Um hemograma, exame que mostra a quantia de glóbulos vermelhos e brancos que até o mais modesto laboratório consegue realizar rapidamente, deu uma pista e anulou as premissas nada alentadoras.

O paciente estava com leve anemia, em outros termos, um pouco menos de glóbulos vermelhos em seu sangue. Entretanto, esses glóbulos eram maiores do que normalmente deveriam ser, um indício de que o paciente estava carente de vitamina B12. A ágil enfermeira foi cuidar da reposição do micronutriente prescrito. Meses depois, o paciente havia recuperado sua crítica. 

O conhecimento usado pelo neurologista para solucionar o caso teve um pilar construído em 1849, ano em que o médico Thomas Addison descreveu, pela primeira vez, uma doença fatal que provocava palidez, fraqueza e piora progressiva da saúde. Estudos posteriores revelaram que os pacientes com aquela doença possuíam anemia com glóbulos vermelhos volumosos, tal qual o nosso bom homem. Essa doença ganhou o nome de anemia perniciosa.

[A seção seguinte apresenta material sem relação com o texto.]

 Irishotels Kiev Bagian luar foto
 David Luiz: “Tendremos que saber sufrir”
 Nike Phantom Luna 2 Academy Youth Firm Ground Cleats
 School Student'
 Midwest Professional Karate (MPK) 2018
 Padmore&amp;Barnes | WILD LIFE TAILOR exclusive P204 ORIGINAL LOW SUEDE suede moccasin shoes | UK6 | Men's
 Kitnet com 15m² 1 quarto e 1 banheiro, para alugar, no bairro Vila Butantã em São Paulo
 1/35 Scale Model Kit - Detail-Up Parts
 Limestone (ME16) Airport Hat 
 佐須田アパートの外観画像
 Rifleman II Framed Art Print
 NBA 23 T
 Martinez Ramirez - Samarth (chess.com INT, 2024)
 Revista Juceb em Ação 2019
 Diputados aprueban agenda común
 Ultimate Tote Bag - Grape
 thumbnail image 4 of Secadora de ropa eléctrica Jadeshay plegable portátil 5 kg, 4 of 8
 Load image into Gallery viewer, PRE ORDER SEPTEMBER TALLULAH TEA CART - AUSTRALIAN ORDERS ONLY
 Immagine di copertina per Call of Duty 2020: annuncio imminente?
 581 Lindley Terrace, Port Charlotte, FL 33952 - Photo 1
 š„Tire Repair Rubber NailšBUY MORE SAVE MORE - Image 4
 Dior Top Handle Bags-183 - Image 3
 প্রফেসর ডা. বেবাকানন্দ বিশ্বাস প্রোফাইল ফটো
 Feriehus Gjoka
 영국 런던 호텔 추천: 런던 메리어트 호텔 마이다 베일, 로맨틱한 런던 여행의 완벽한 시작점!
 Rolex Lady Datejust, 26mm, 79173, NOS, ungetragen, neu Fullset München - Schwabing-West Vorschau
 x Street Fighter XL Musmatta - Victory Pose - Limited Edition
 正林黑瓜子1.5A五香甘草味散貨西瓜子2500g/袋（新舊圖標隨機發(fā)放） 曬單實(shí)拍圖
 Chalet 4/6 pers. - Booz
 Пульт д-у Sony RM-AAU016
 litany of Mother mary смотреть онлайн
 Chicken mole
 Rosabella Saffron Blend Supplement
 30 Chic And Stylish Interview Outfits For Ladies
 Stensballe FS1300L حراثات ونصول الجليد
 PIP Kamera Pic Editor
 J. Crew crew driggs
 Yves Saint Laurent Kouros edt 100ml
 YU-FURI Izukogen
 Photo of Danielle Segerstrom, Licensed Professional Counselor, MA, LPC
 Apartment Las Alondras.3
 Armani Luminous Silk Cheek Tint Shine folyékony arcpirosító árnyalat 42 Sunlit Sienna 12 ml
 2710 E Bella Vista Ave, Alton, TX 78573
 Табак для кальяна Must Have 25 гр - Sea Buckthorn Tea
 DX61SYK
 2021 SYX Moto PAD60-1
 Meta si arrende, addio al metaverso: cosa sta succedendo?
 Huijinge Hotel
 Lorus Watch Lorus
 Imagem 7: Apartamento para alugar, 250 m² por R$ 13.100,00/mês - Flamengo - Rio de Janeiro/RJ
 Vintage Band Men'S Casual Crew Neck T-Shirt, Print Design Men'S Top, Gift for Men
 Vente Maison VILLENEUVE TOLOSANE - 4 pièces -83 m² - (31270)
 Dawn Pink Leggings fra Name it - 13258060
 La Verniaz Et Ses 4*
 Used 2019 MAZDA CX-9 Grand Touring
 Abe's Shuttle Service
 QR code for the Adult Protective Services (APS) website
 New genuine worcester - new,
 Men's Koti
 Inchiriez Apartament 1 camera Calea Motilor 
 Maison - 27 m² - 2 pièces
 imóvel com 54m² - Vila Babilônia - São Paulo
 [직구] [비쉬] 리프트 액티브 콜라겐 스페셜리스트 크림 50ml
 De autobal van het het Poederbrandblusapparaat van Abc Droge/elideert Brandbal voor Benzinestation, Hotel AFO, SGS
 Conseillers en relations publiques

Não tardou para que outros médicos identificassem problemas neurológicos que esta afecção provocava, como perda da coordenação motora, do tato e da força. A cura foi descoberta apenas no século 20, através da ingestão de extrato de fígado.

Finalmente, foi isolada a vitamina B12, nutriente abundante nos tecidos hepáticos, cuja deficiência provocava a doença. Outras manifestações clínicas de carências de vitamina B12 foram depois descritas, incluindo o delírio.

Não pense que tal conhecimento ascendeu retilineamente por degraus pavimentados por sucessivas descobertas científicas. A evolução surgiu emergindo de uma fumaça de confusão.

Note que até meados do século 20 não havia exames para confirmar suposições diagnósticas e, para piorar, qualquer diagnóstico era atribuído a formas avançadas de sífilis, já que essa infecção pode causar exatamente os mesmos sintomas da anemia perniciosa, assim como outras tantas moléstias nem conhecidas à época.

Logo, determinar um diagnóstico não era tarefa fácil. Para aumentar a confusão, observações clínicas erradas ou fajutas forjavam como reais doenças inexistentes, ao passo que, frequentemente, doenças verdadeiras eram detalhadas imprecisamente. Essas falhas obrigavam estudiosos a revisarem seus pares, por trabalhosas décadas, em busca de consensos que surgiam a muito custo.

Portanto, muita luta intelectual aconteceu para que hoje possamos reconhecer que nossa percepção de realidade depende de um diminuto nutriente presente em pequenas quantidades em nosso corpo e bem armazenado no fígado.